Technical information
- Licensing authority: FCC
- Facility ID: 8502
- Class: C2
- ERP: 50,000 Watts
- HAAT: 150 meters
- Transmitter coordinates: 43°24′20″N 95°05′01″W﻿ / ﻿43.40556°N 95.08361°W

Links
- Public license information: Public file; LMS;
- Webcast: Listen Live
- Website: kuooradio.com

= KUOO =

KUOO (103.9 FM) is a radio station that broadcasts an adult contemporary format. Licensed to Spirit Lake, Iowa, United States, it serves the Iowa Great Lakes Area. KUOO is owned by Community First Broadcasting (as of January 1, 2010). The station shares a studio location with sister station KUQQ in Spirit Lake.

==Founding and Early History==

KUOO was founded in the early 1980s by Paul Hedberg, owner of several radio stations in southern Minnesota and northern Iowa (including KBEW, KQAD, KEEZ, KLSS, and KRIB).

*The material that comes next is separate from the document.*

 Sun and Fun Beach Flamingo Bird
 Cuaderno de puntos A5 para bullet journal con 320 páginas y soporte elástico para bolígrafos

Hedberg recounts the impetus for KUOO in his autobiography, The Time of My Life: "Dickinson County, Iowa, had a resident population of 16,000 but during summer months that ballooned to 34,000 – and to as many as 80,000 on weekends. With this in mind, I filed an application with the FCC in the summer of 1983 for a construction permit to operate a new station on 103.9 MHz."

A competing application with the FCC, coupled with difficulties finding a tower location that would satisfy the FAA, delayed the construction of KUOO for roughly two years. Hedberg recalls the process that led to the station's name: "I came up with two ideas for call letters: KIGL (for “Iowa Great Lakes”) and KUOO (for “University of Okoboji”), based on the idea of Herman and Emil Richter, who owned The Three Sons clothing store in Milford. The brothers had built a cottage industry selling all sorts of clothing and novelties with the seal of their fictitious University." Hedberg settled on KUOO, and organized the station as the Campus Radio Company.

KUOO leveraged this connection with this non-existent university in its earliest advertising packages: "The idea was to solicit local businesses to be part of the Kickoff Team of the Fighting Phantoms at the University of Okoboji, and they would be major sponsors for our coverage of the annual football game between the University of Okoboji and Notre Dame each September 31st," accompanied by "jingles that tied in to the theme, [that used] cheerleader IDs in cadence with our call letters: “K-U-O-O…OK-O-BO-JI!!” The prevailing gimmick of “On-Campus Radio” originating from this spurious “Blue Water Alma Mater” proved a great success.